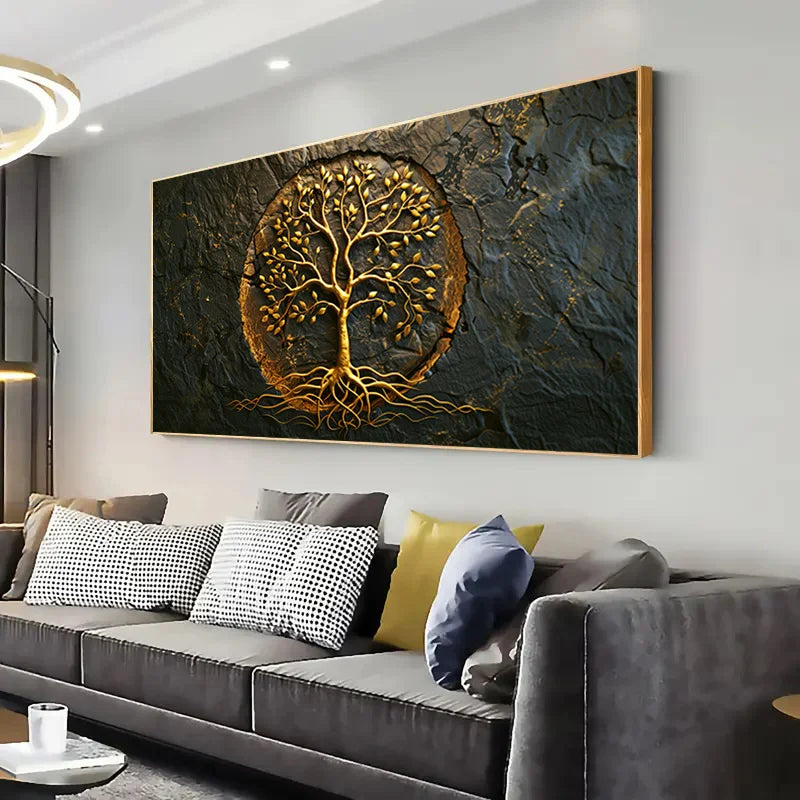 Abstract Golden Tree of Life Canvas Wall Art | Frameless Print Canvas Wall Art Peaceful Pleasures Health and Wellness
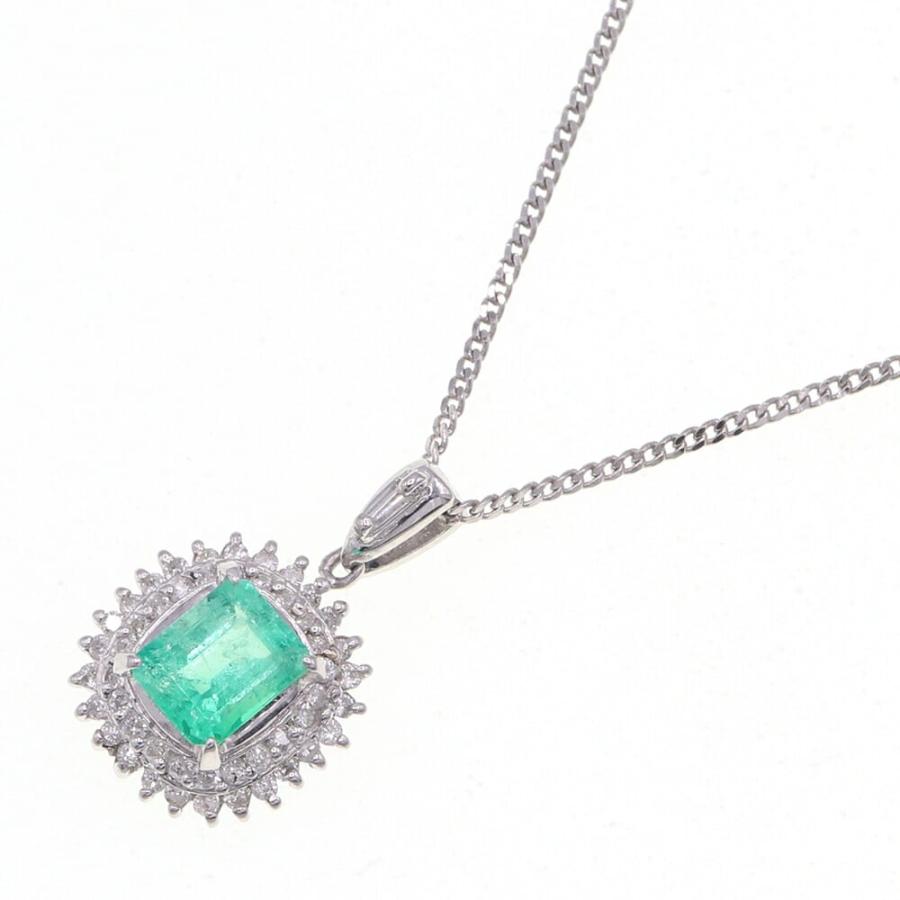 エメラルド ダイヤモンド ネックレス E0.62ct D0.29ct Pt850 Pt900 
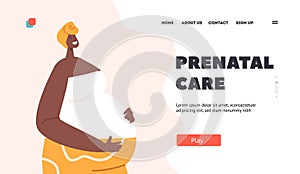 Prenatal Care Landing Page Template. African Pregnant Woman Waiting Baby, Pregnancy Concept. Young Mother Hold Belly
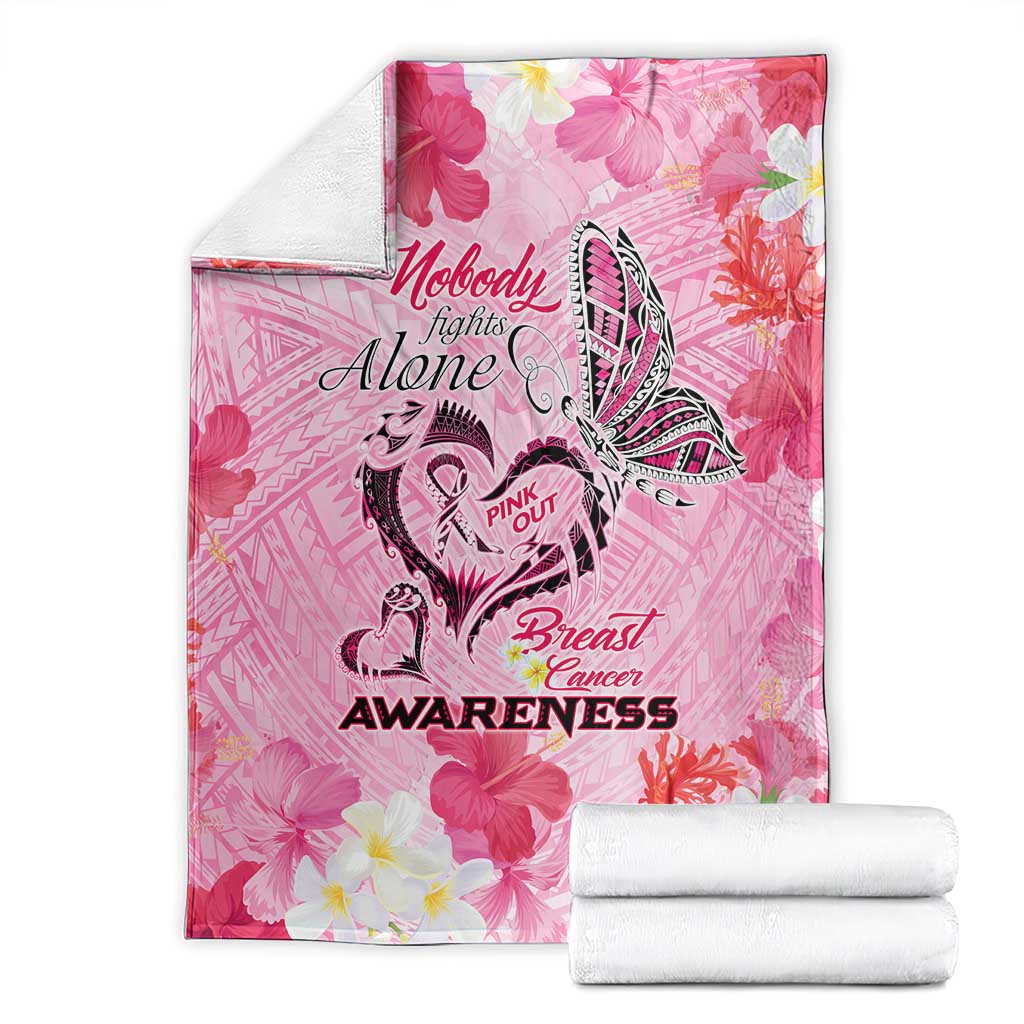Butterfly Polynesia Breast Cancer Blanket Nobody Fights Alone Pink Out Tropical Hibiscus DT02 - Polynesian Pride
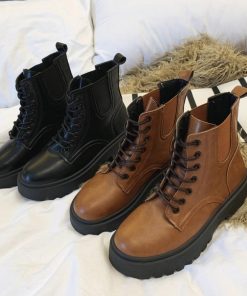 ショートブーツ | 春秋冬 靴 レースアップ 厚底 レディースブーツ ブラックブラウン ワークブーツ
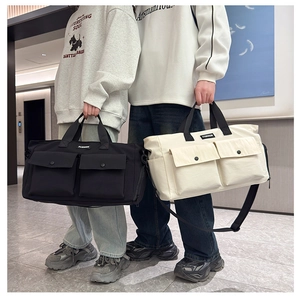 Black and beige travel bags showing dual front flap pockets and adjustable straps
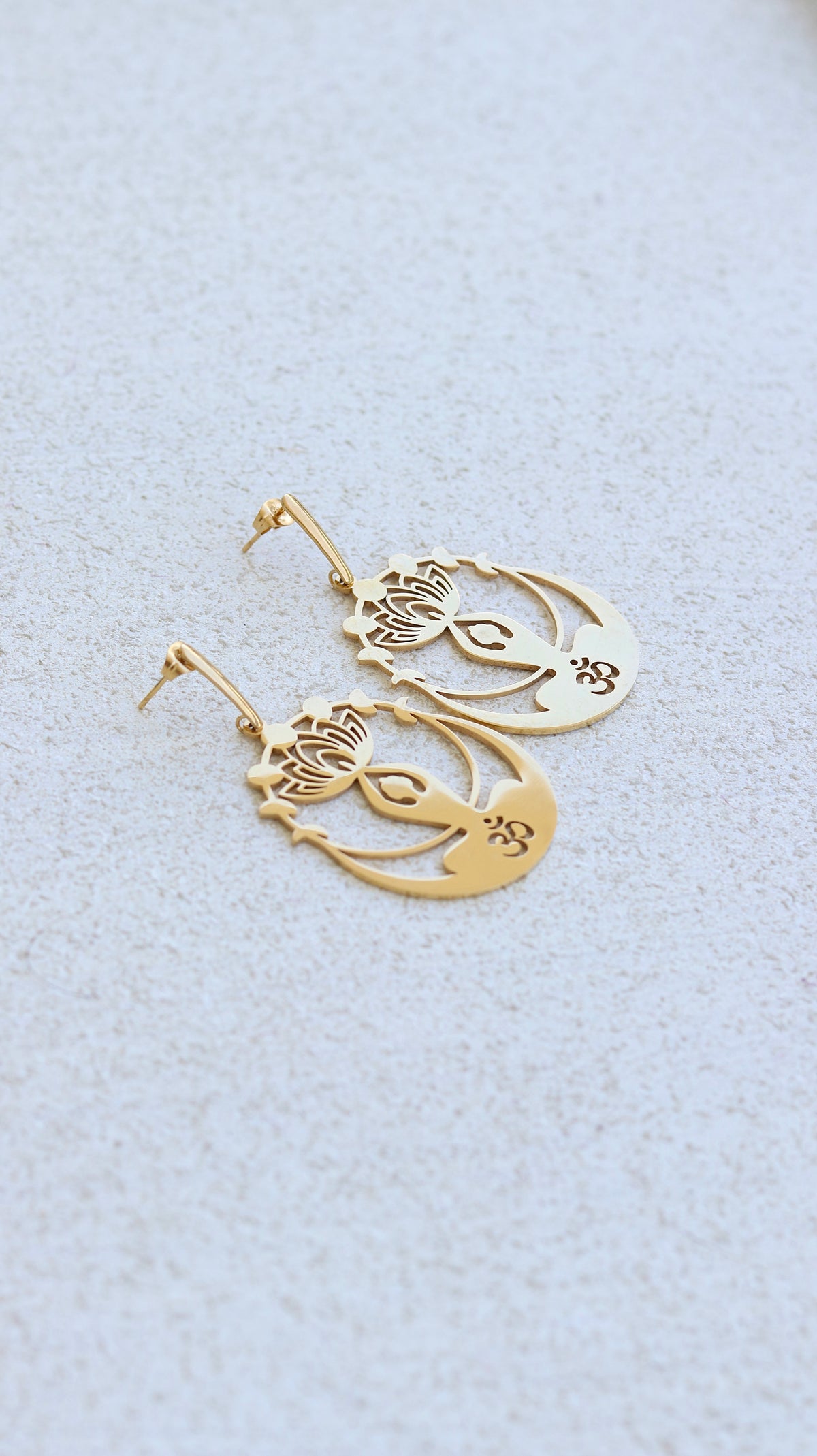 Gold Lotus Om Earrings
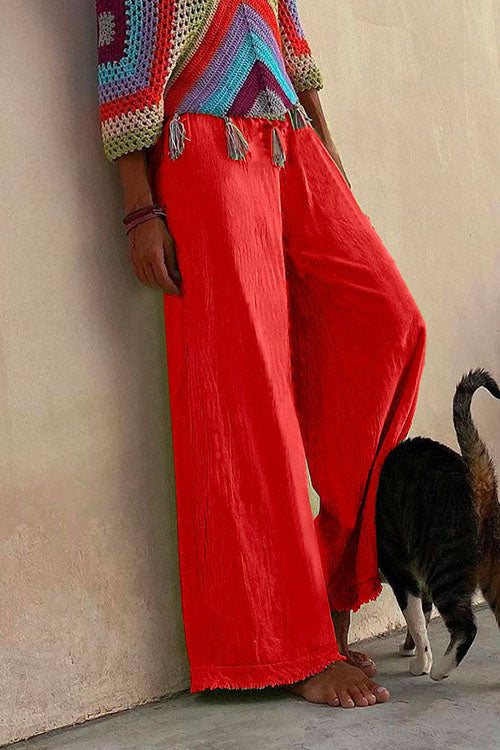 Mixiedress Solid Raw Hem Wide Leg Casual Pants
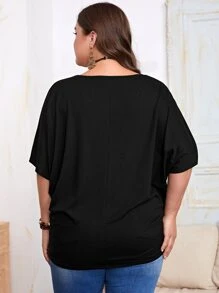 EMERY ROSE Plus Solid Batwing Sleeve Tee - Black - View 2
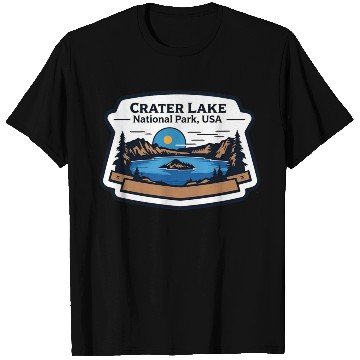 Discover Crater Lake National Park Southern Oregon USA Logo T Shirts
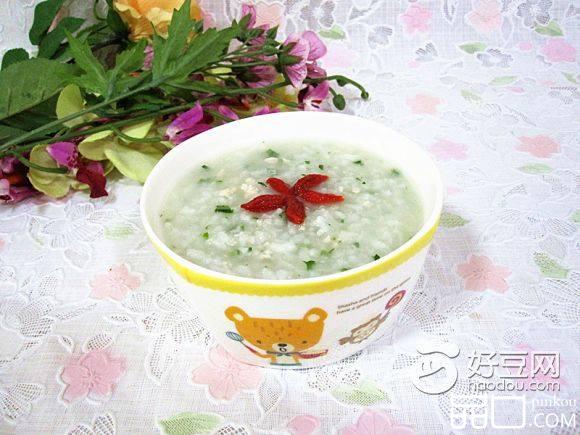 鸡蓉荠菜粥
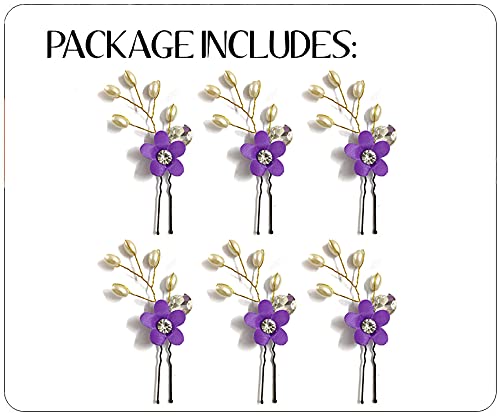Elegant Artificial Pearl & Stone Round Flower Hair Clip for Women - Mauve Hair Accessory | Perfect for Weddings, Parties & Everyday Wear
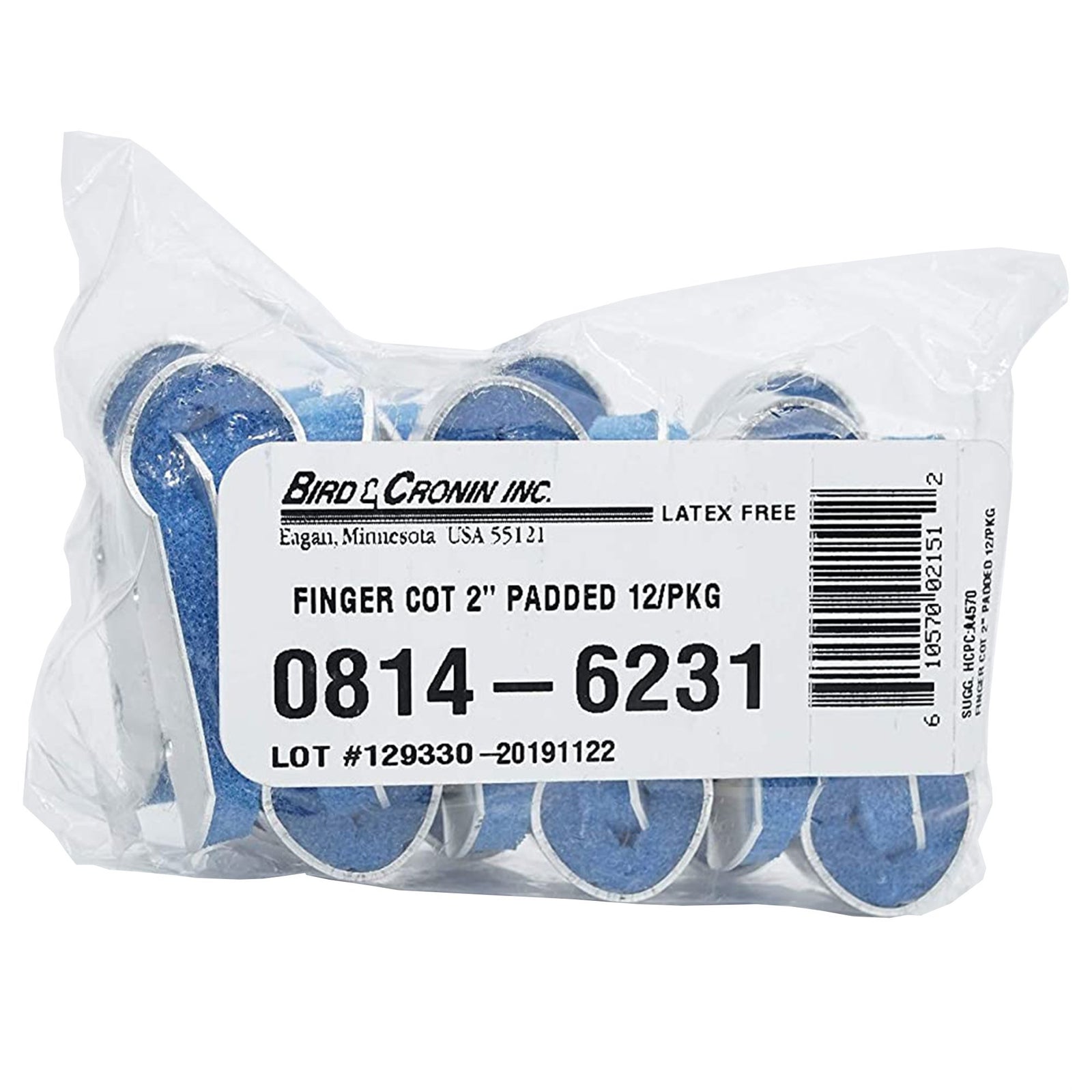 Finger Cot Splint Pull-On Left Or Right Hand Blue / Sliver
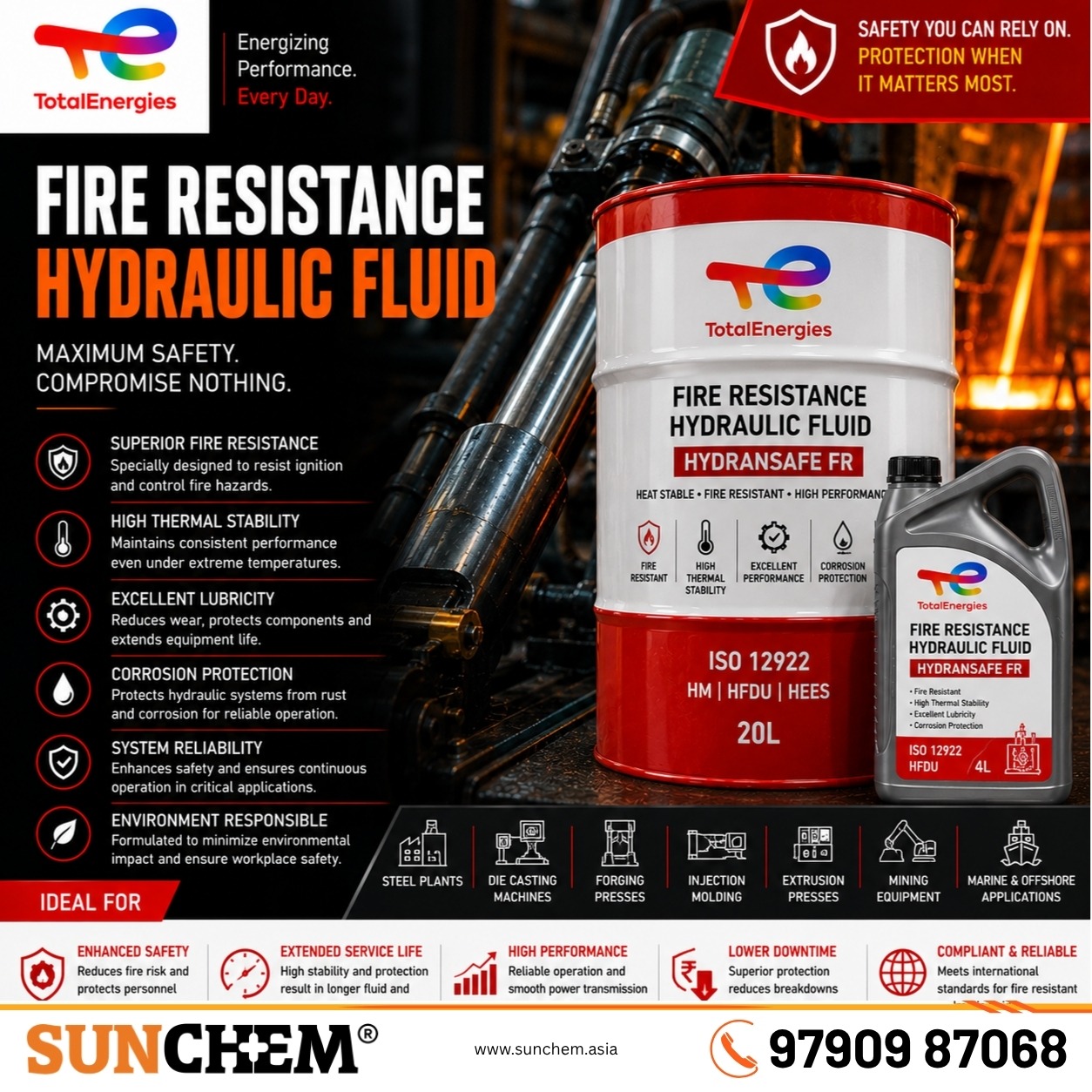 Fire Resistance Hydraulic Fluid – Spada Engineering authorized dealer and distributor of fire resistance hydraulic fluids in Che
---+---
## What is being asked
Pictures aside, reproduce every record exactly as it stands.

## Response to the exercise
 Abstract Golden Tree of Life Canvas Wall Art | Frameless Print Canvas Wall Art Peaceful Pleasures Health and Wellness
 エメラルド ダイヤモンド ネックレス E0.62ct D0.29ct Pt850 Pt900 
 Prenatal Care Landing Page Template. African Pregnant Woman Waiting Baby, Pregnancy Concept. Young Mother Hold Belly
Butterfly Polynesia Breast Cancer Blanket Nobody Fights Alone Pink Out Tropical Hibiscus DT02 - Polynesian Pride
 ショートブーツ | 春秋冬 靴 レースアップ 厚底 レディースブーツ ブラックブラウン ワークブーツ
 Black and beige travel bags showing dual front flap pockets and adjustable straps
 Gold Lotus Om Earrings
 Mixiedress Solid Raw Hem Wide Leg Casual Pants
 EMERY ROSE Plus Solid Batwing Sleeve Tee - Black - View 2
 Discover Crater Lake National Park Southern Oregon USA Logo T Shirts
 鸡蓉荠菜粥
Elegant Artificial Pearl & Stone Round Flower Hair Clip for Women - Mauve Hair Accessory | Perfect for Weddings, Parties & Everyday Wear
 Finger Cot Splint Pull-On Left Or Right Hand Blue / Sliver
 Fire Resistance Hydraulic Fluid – Spada Engineering authorized dealer and distributor of fire resistance hydraulic fluids in Che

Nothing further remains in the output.